What Should We Engineer in Prompts? Training Humans in Requirement-Driven LLM Use
Qianou Ma, Weirui Peng, Chenyang Yang, Hua Shen, Kenneth Koedinger, Tongshuang Wu
TL;DR
This work argues that the core challenge in enabling end-user programming with LLMs lies in articulating precise requirements. It introduces Requirement-Oriented Prompt Engineering (ROPE) and a deliberate-practice training/assessment suite that provides real-time, requirement-focused feedback to novices.
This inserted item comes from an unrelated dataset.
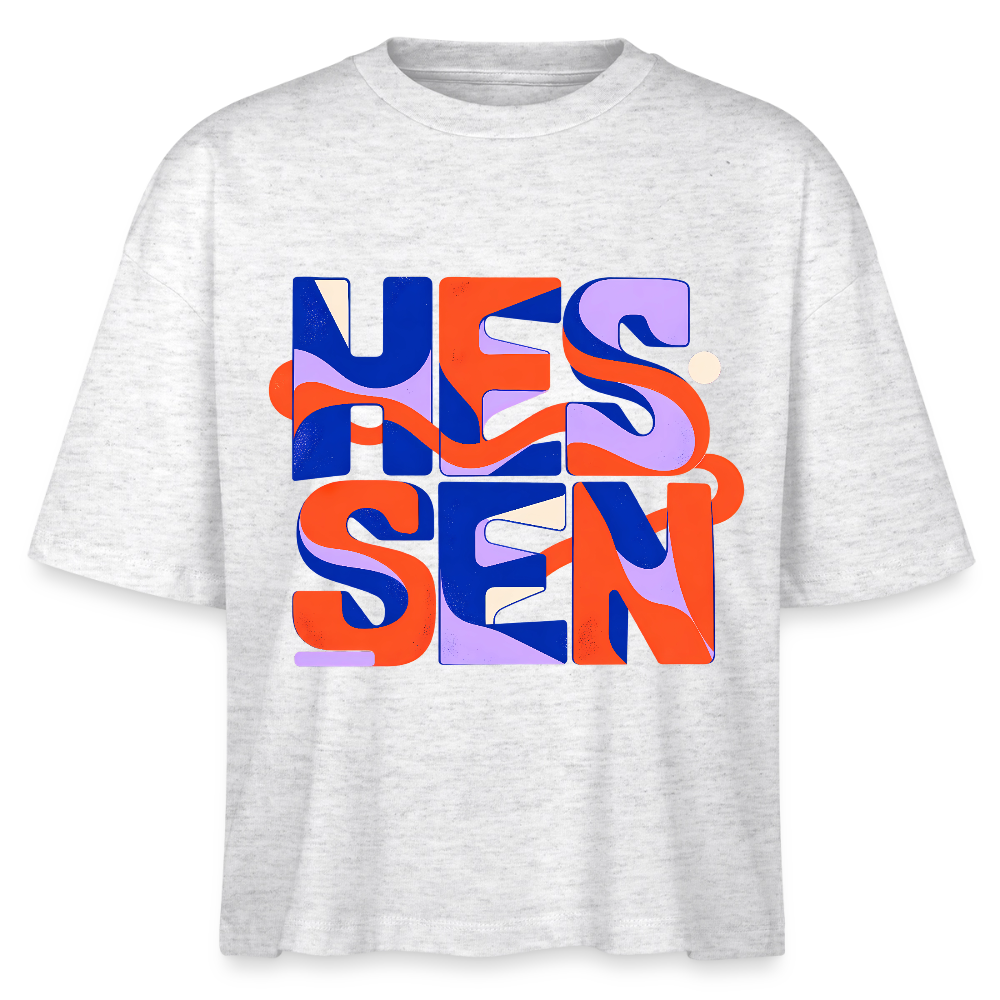 Hessen Color – Frauen Boxy Bio-T-Shirt Nova - Weiß meliert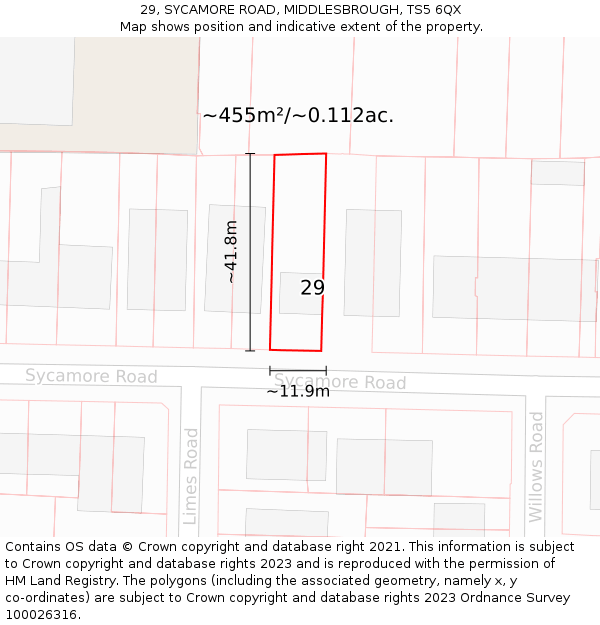 29, SYCAMORE ROAD, MIDDLESBROUGH, TS5 6QX: Plot and title map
In a randomized study, ROPE markedly improved prompt quality and LLM outputs compared to conventional prompt engineering training, with strong correlations between input requirements and resulting outputs. The findings suggest that while optimizers can help, explicit human requirements remain central and that ROPE generalizes to more capable reasoning LLMs, offering a path toward broader, reliable end-user tooling for LLM-driven applications.
Abstract
Prompting LLMs for complex tasks (e.g., building a trip advisor chatbot) needs humans to clearly articulate customized requirements (e.g., "start the response with a tl;dr"). However, existing prompt engineering instructions often lack focused training on requirement articulation and instead tend to emphasize increasingly automatable strategies (e.g., tricks like adding role-plays and "think step-by-step"). To address the gap, we introduce Requirement-Oriented Prompt Engineering (ROPE), a paradigm that focuses human attention on generating clear, complete requirements during prompting. We implement ROPE through an assessment and training suite that provides deliberate practice with LLM-generated feedback. In a randomized controlled experiment with 30 novices, ROPE significantly outperforms conventional prompt engineering training (20% vs. 1% gains), a gap that automatic prompt optimization cannot close. Furthermore, we demonstrate a direct correlation between the quality of input requirements and LLM outputs. Our work paves the way to empower more end-users to build complex LLM applications.